Chilaquiles are tortillas or tortilla chips tossed with salsa. Casa Azul goes a step further into nacho territory by topping them with cotija cheese, crema, marinated onion, scallion, candied pumpkin seeds, carne asada steak, and a fried egg.
Nacho Libre platter with carne asada ($16), Deep South Taco locations.
I've enjoyed seeing this tray anchor every Deep South Taco meal I've shared with a crowd. The housemade cheese sauce, backed up with salty cotija crumbs, gives it a noticeable boost. It can come in chicken or pork, but the marinated and grilled beefsteak called carne asada is my choice.
Banh mi nachos ($13, featured photo), Griffon Gastropub, 634 Main St., East Aurora.
Cross-cultural culinary experiments blow up on the launchpad more often than they soar, but this brainstorm made it into orbit. Fried wonton skins are topped with caramelized Vietnamese-inflected shredded pork, pickled carrots and bell peppers, and toasted sesame-sriracha aioli.
Italian nachos ($10), Giacobbi's Cucina Citta, 59 Allen St.

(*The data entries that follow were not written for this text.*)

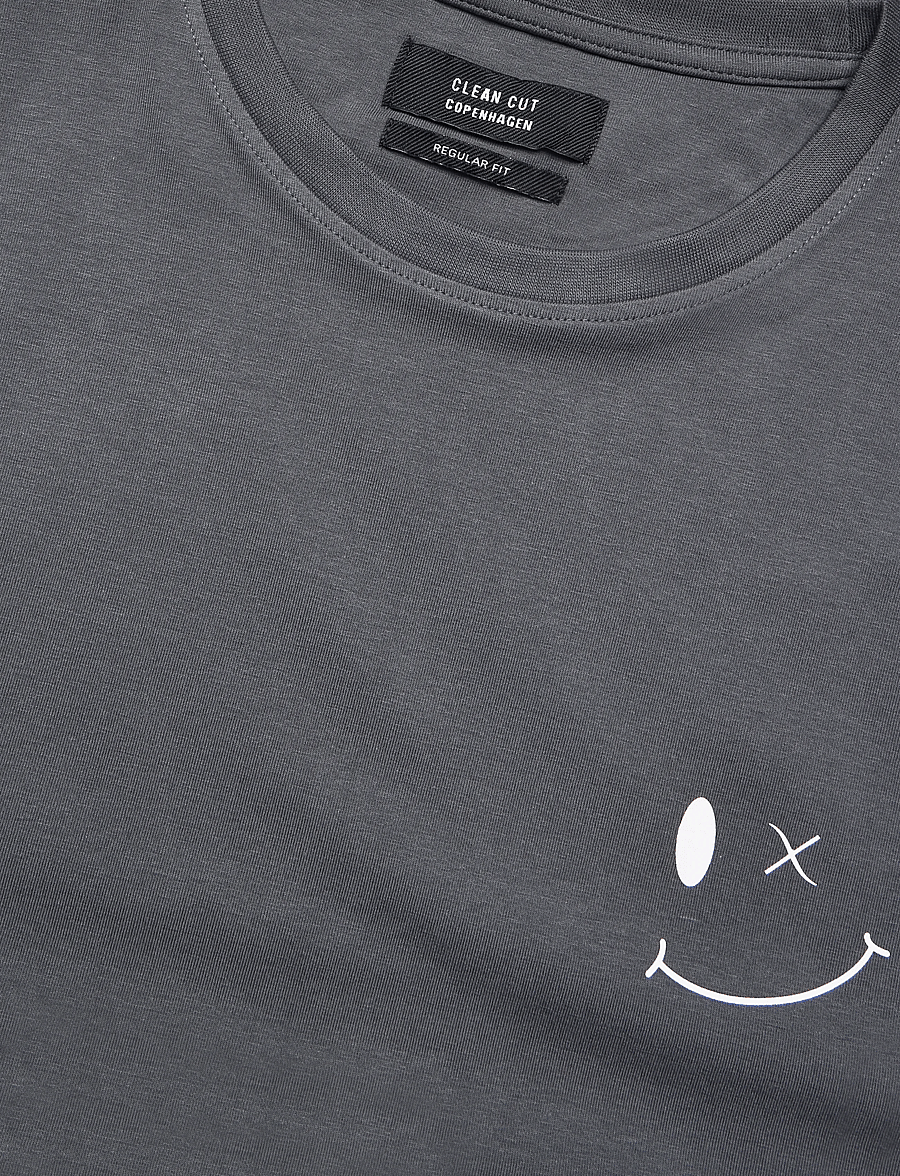 Clean Cut Copenhagen - Patrick Organic Tee - kortærmede t-shirts - turbulence - 2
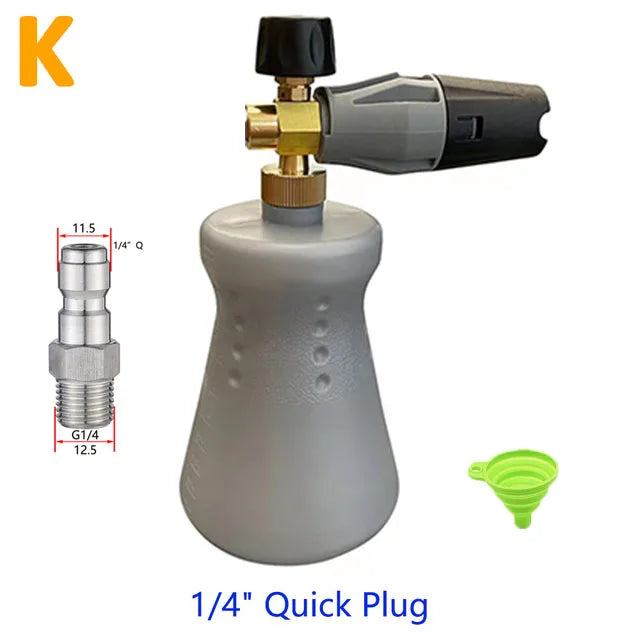 1L Large Caliber Foam Generator Foam Kettle Car Wash Foamer Lance Specialized Nozzle Pressure Washer For Karcher/Nilfisk - J&J Detailing Services  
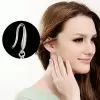 Round Cut Classic Drop Shape CZ Silver Earrings
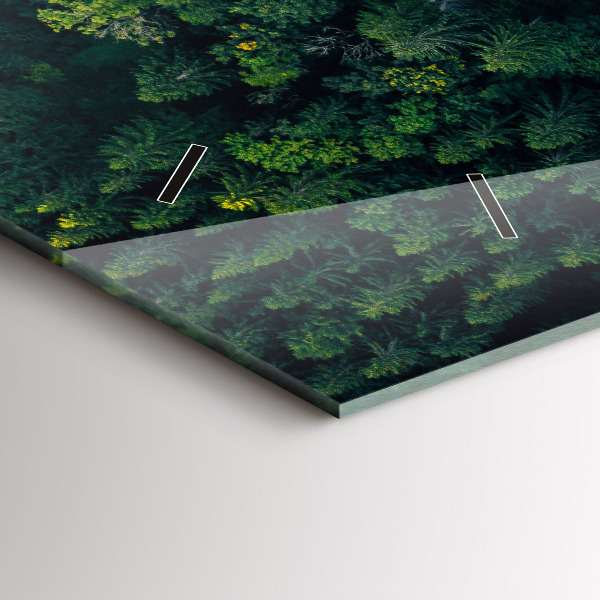 Horizontal wall clock Forest from a bird's eye view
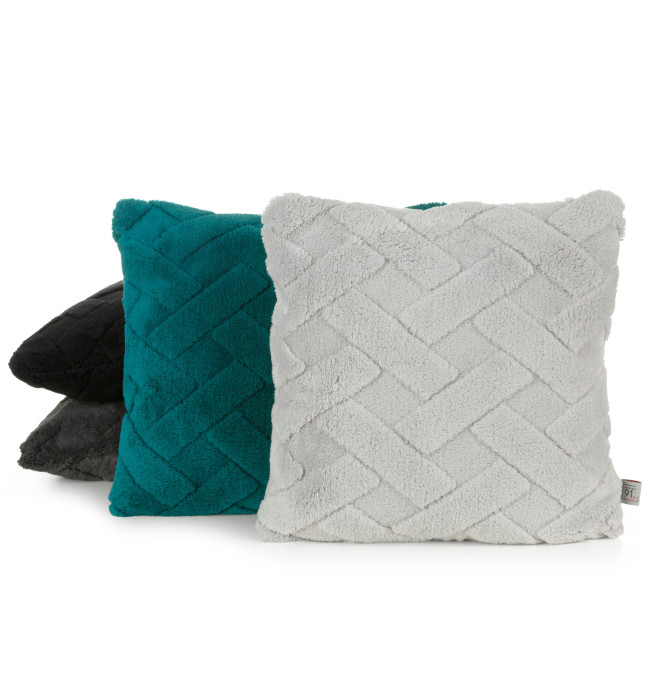 Povlak na polštář D91 CARO tmavě béžový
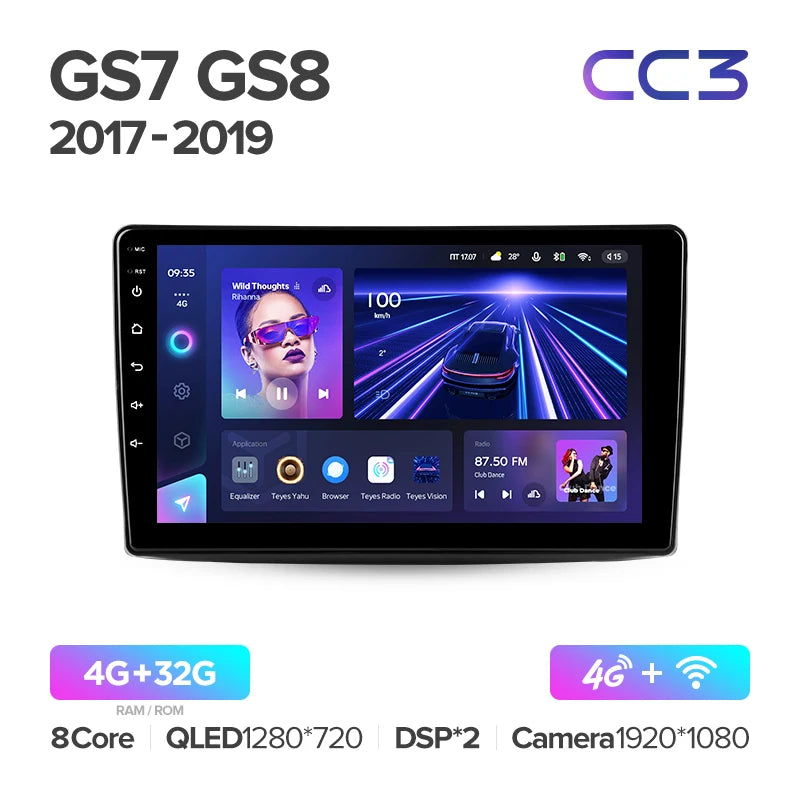 GAC GS7 GS8 (2017-2019)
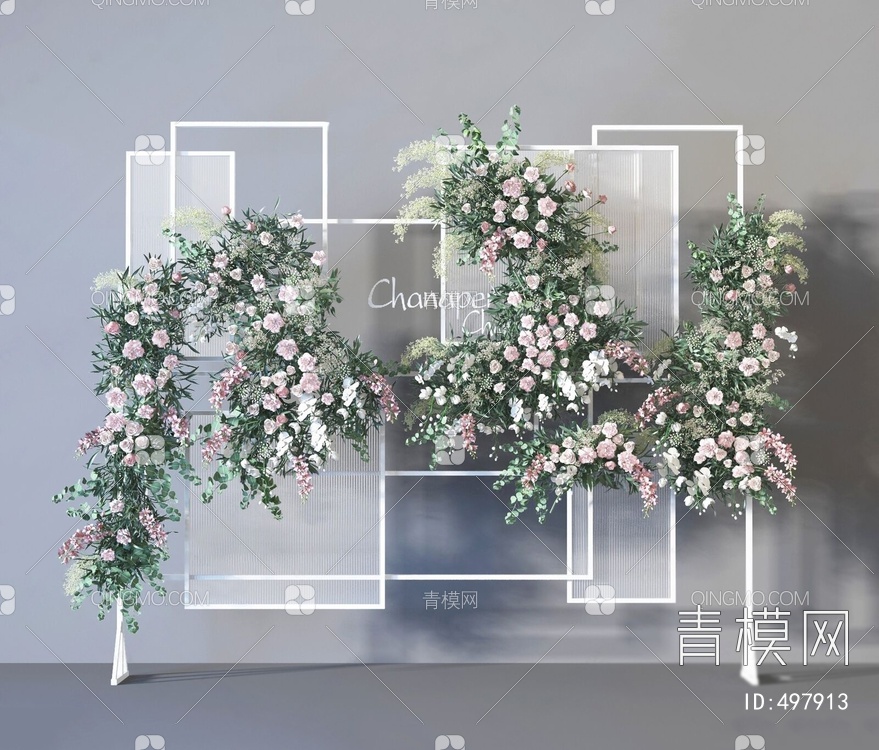 花艺植物墙3D模型下载【ID:497913】
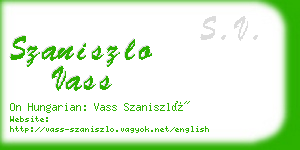 szaniszlo vass business card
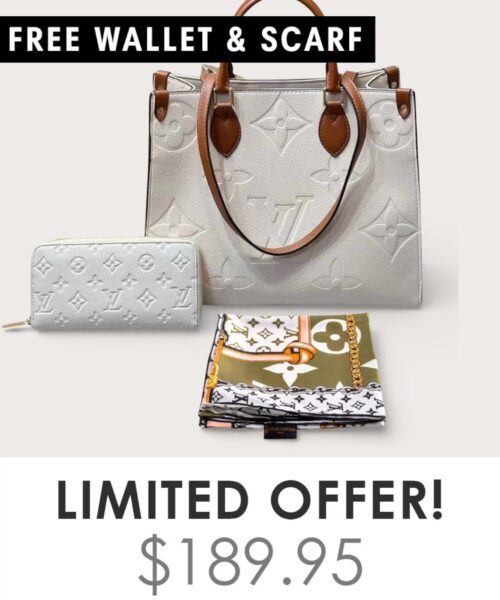 Bag + Gifts (FREE LV Wallet & FREE LV Scarf)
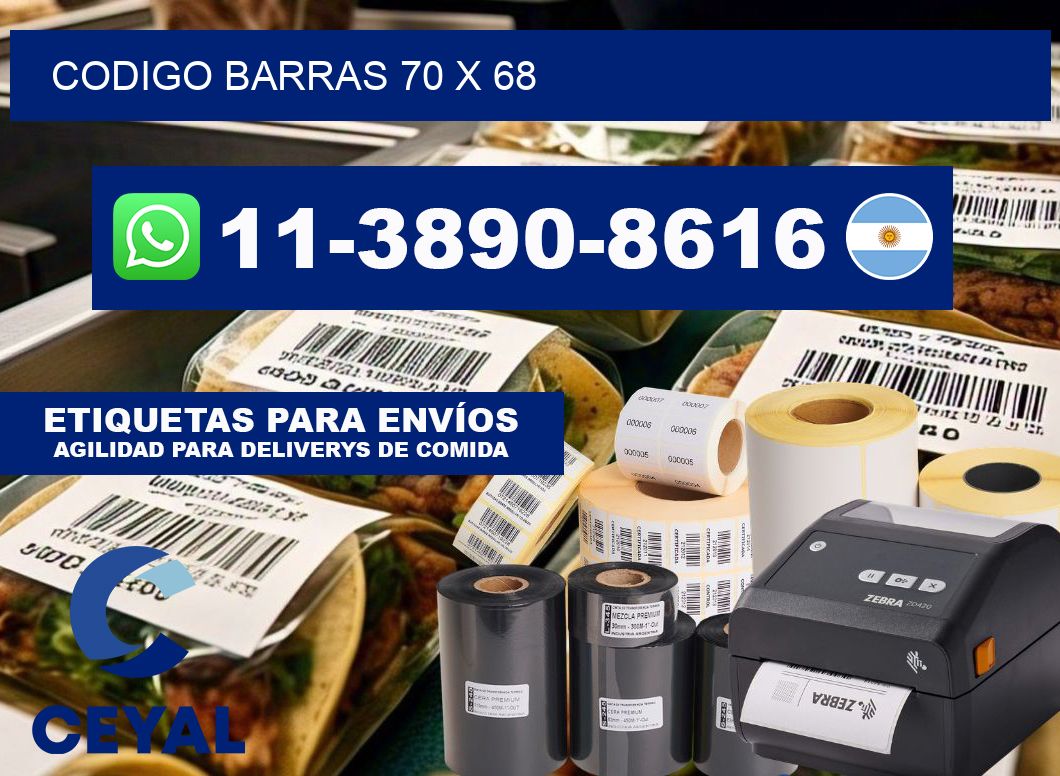 Codigo barras 70 x 68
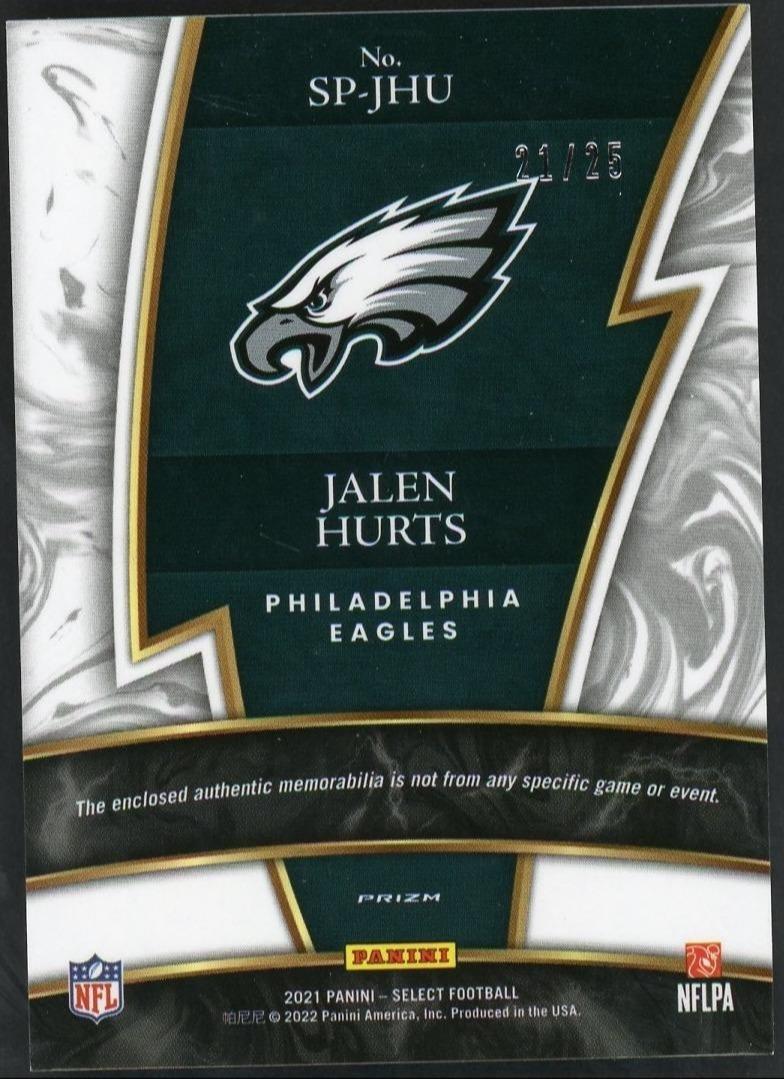 2021 Panini Select Jalen Hurts Sparks Tie-Dye /25 - Image 2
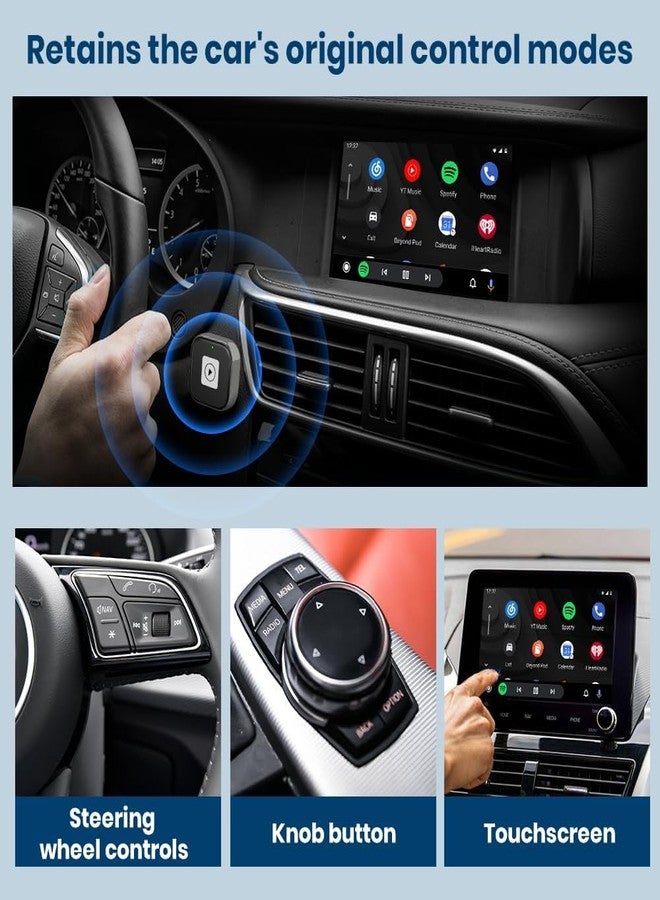 Pyniro Mini 2-in-1 Wireless CarPlay & Android Auto Adapter for iOS 10+ & Android 11+, Plug & Play Dongle for USB/Type-C Port Converts Wired to Wireless, Fast Auto-Connect/Low Latency/Compact Design - Image 4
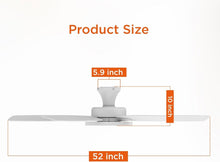 Load image into Gallery viewer, Versatile 52-Inch Ceiling Fan with Remote &amp; Reversible Blades for Year-Round Use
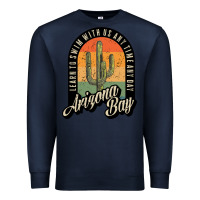 Navy Arizona Bay Swim Team Premium Sweatshirt - DesigneFamous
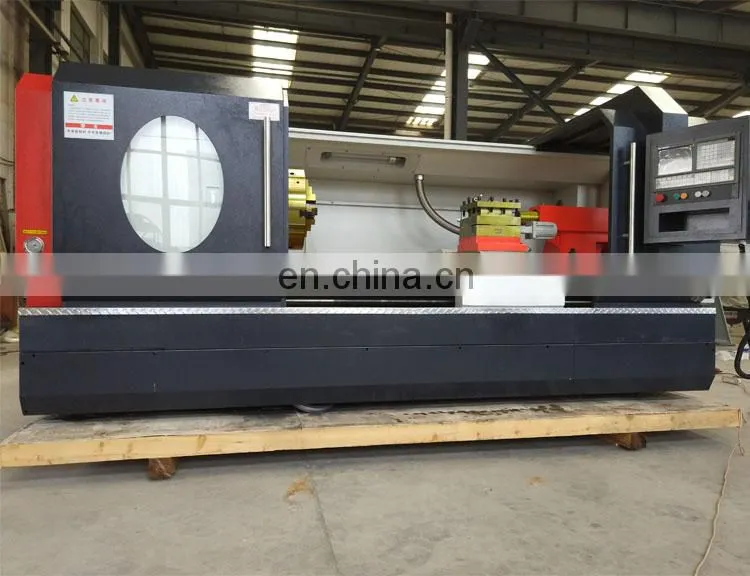 CK61100 cnc lathe machine horizontal with 2 axis tool holder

It turns out that pasta can be fried into a chip every bit as crisp as the original corn version. At Giacobbi's, that fact makes this combination of spicy marinara sauce, sausage, Hungarian peppers, olives and mozzarella a joy to behold, not to mention a worthy happy hour destination.
Chili nachos ($8.99), Dinosaur Bar-B-Que, 301 Franklin St.
My admiration for this plate starts with the chili, which tastes like it was made with actual chiles, not just "chili powder." There's enough of it to make this plate a dinner candidate, jazzed up with pickled onion and a welcome lick of smoky heat from chipotle crema.